Task to carry out
Pictures are to be left out, and only the lines below starting at the one with "Economic Arrow With" and ending at the one with "Decorative hanging crystal" are to be reproduced, each exactly, both ends included.

Excerpted data

◆ ◆ ◆ ◆ ◆

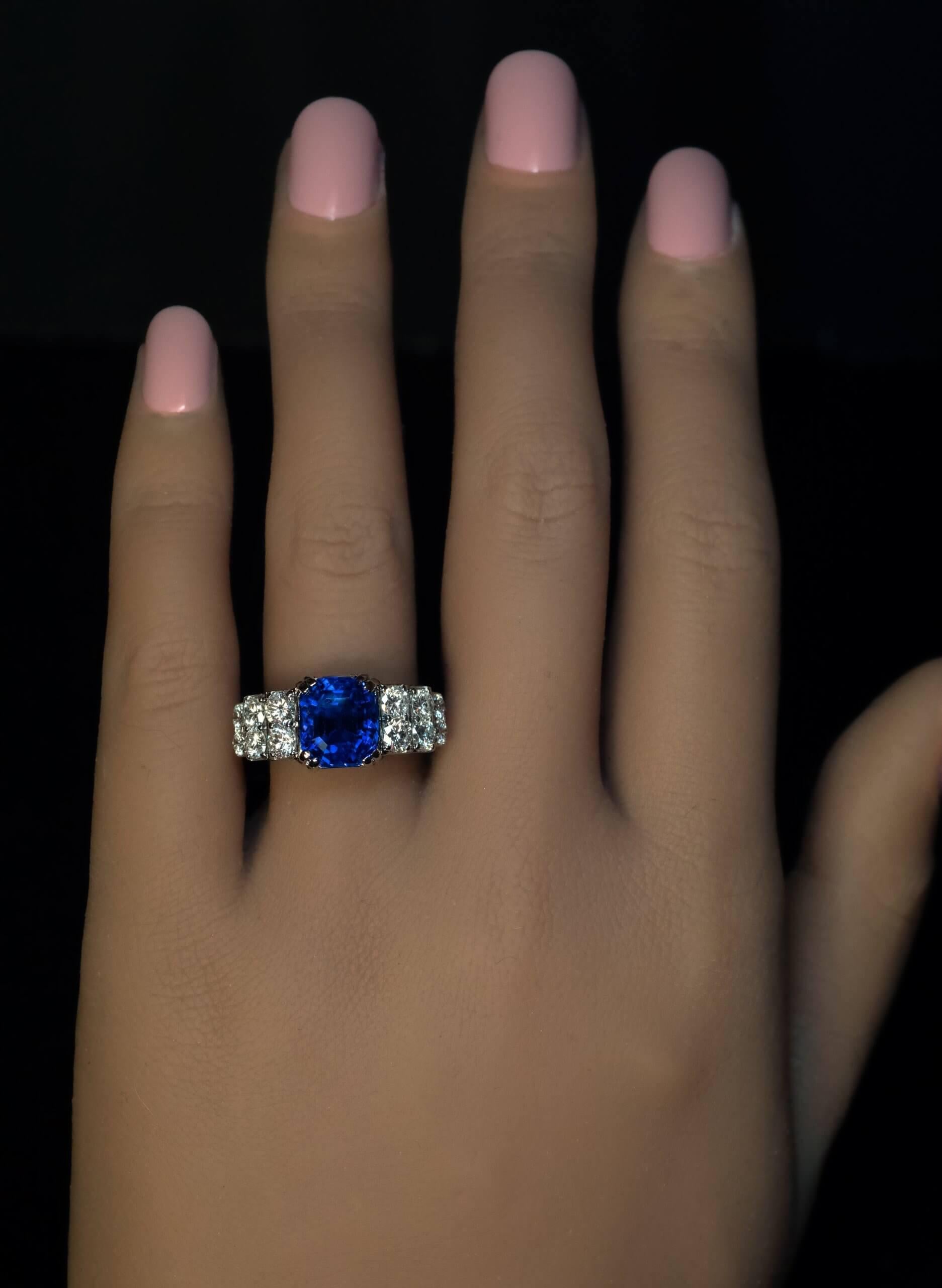 This contemporary 18K white gold ring features a rare 6.21 carat unheated Burmese sapphire of a vivid royal blue color. The sapphire is flanked by six rows of bright white brilliant cut diamonds.  The ring is accompanied by the American Gemological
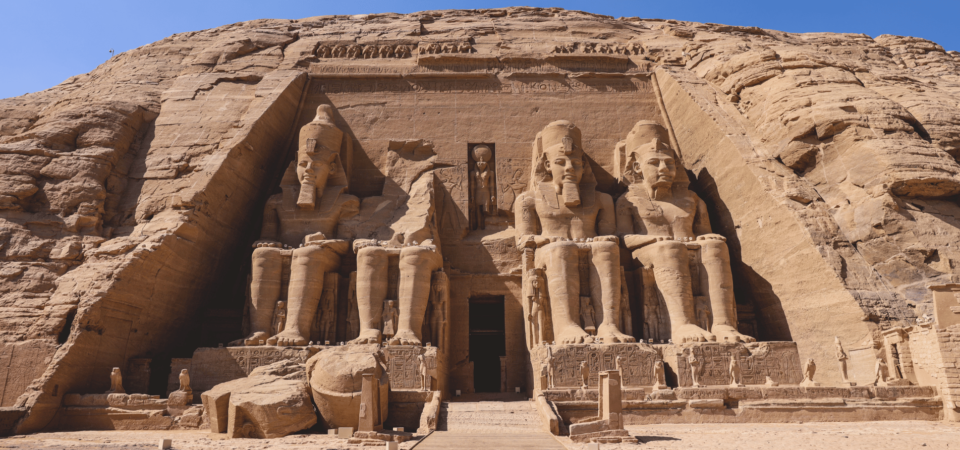 The majestic Abu Simbel Temple with colossal statues of Ramses II.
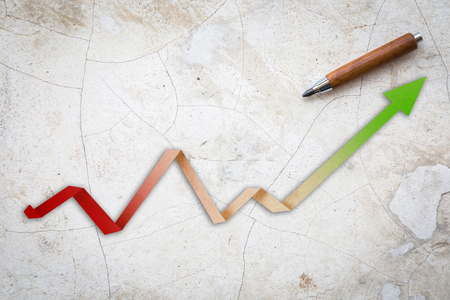 Economic Arrow With Growing Trend arrow paper cut with wooden pencil on blue leather backgroundの写真素材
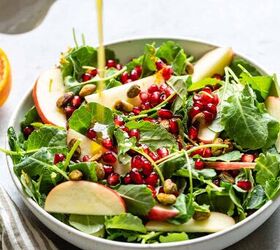 kale and apple salad with maple mustard dressing, dressing being poured onto a kale salad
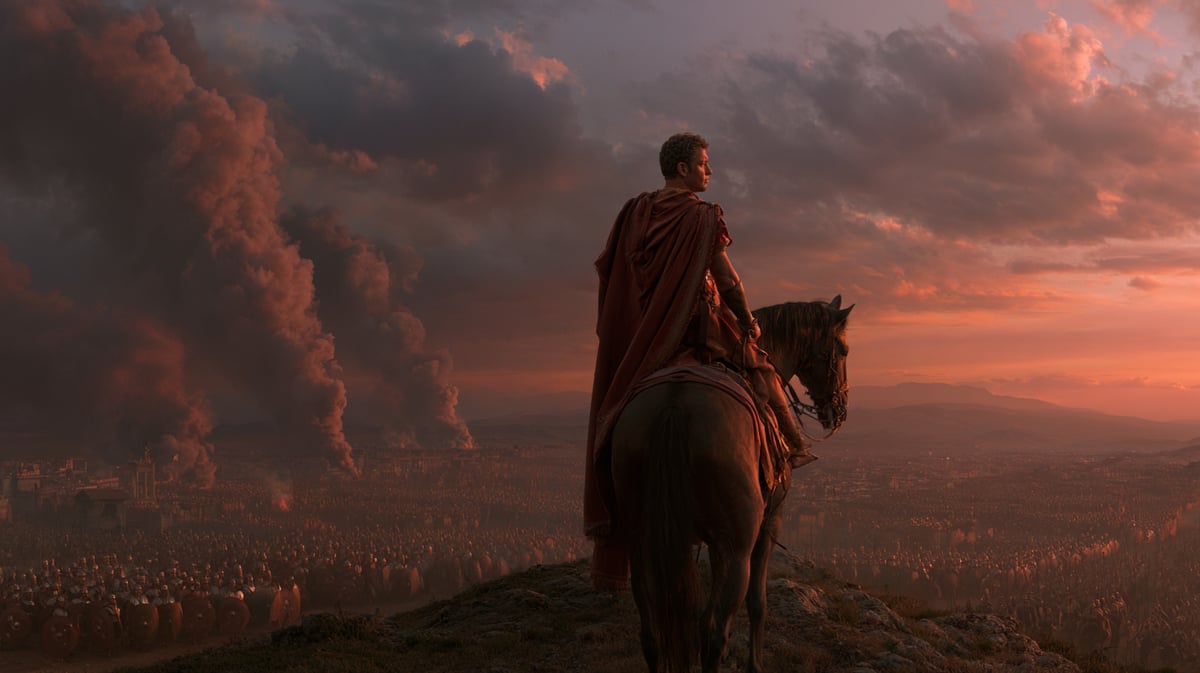 A monumental 16:9 vertical tracking shot across a vast ancient Roman battlefield at sunset. Thousands of legionaries with curved shields are arrayed in formation. A general in a crimson-lined cloak rides a powerful horse up a hill, looking down at the dramatic conflict and columns of smoke. High-contrast amber light, detailed textures, sweeping scale, photorealistic masterpiece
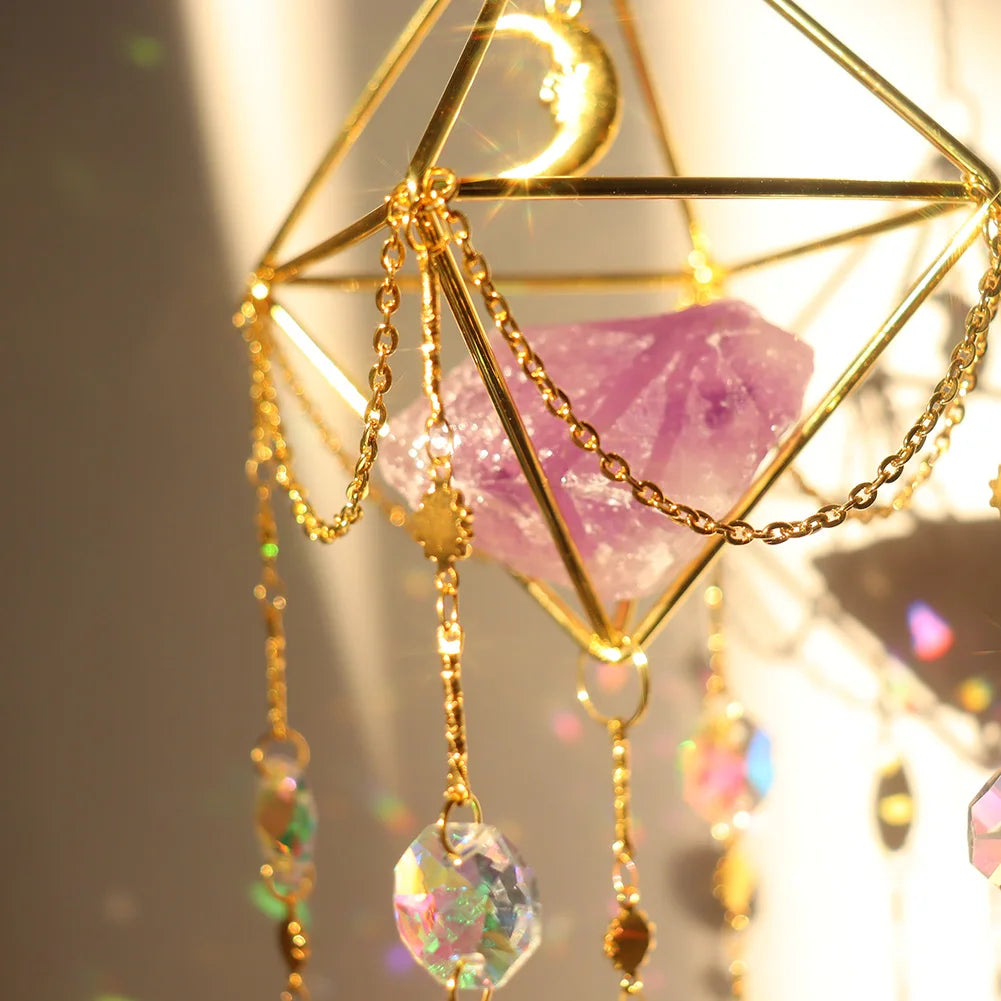 Decorative hanging crystal with gold chains and geometric design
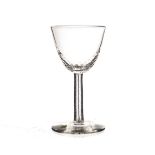 A 19th century wine glass, with bassily dimpled bowl. The hexagonal red, white, and blue core,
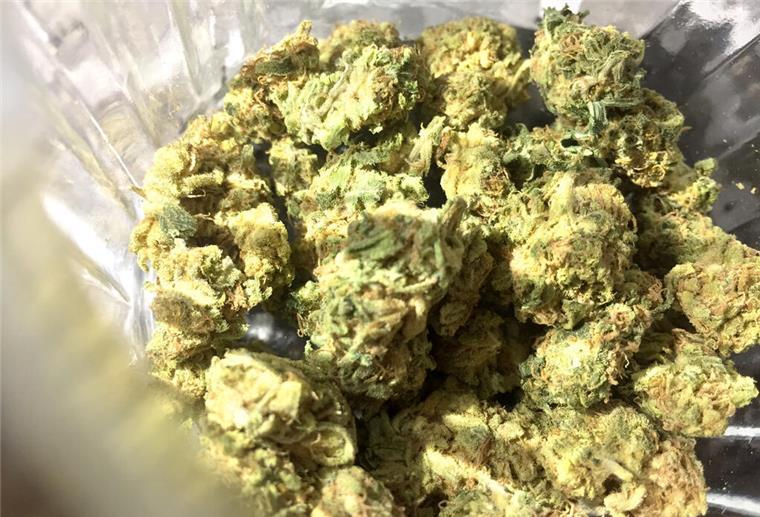 Cannabisblüten liegen in einem Glas.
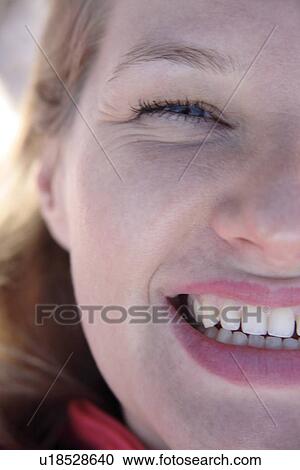 Stock Image - Portrait of young blond woman smiling, close up. Fotosearch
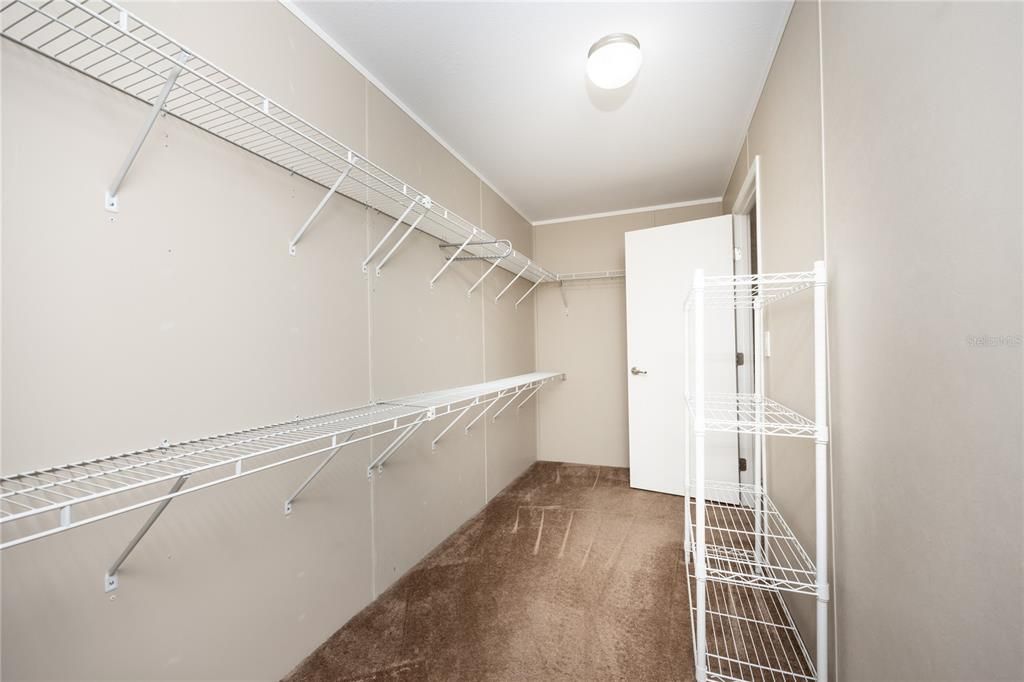 Walk in closet in the primary bedroom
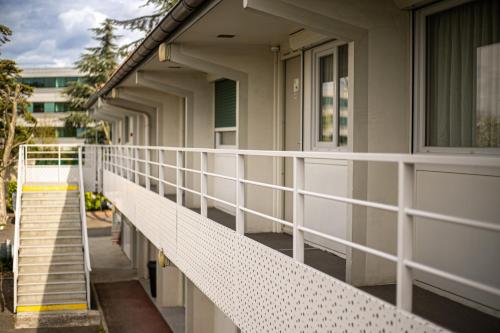 a balcony of a building with white railing at Campanile Toulouse - Blagnac Aéroport in Blagnac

◆ ◆ ◆ ◆ ◆

Answer space
 Economic Arrow With Growing Trend arrow paper cut with wooden pencil on blue leather backgroundの写真素材
 kale and apple salad with maple mustard dressing, dressing being poured onto a kale salad
 A monumental 16:9 vertical tracking shot across a vast ancient Roman battlefield at sunset. Thousands of legionaries with curved shields are arrayed in formation. A general in a crimson-lined cloak rides a powerful horse up a hill, looking down at the dramatic conflict and columns of smoke. High-contrast amber light, detailed textures, sweeping scale, photorealistic masterpiece
 Decorative hanging crystal with gold chains and geometric design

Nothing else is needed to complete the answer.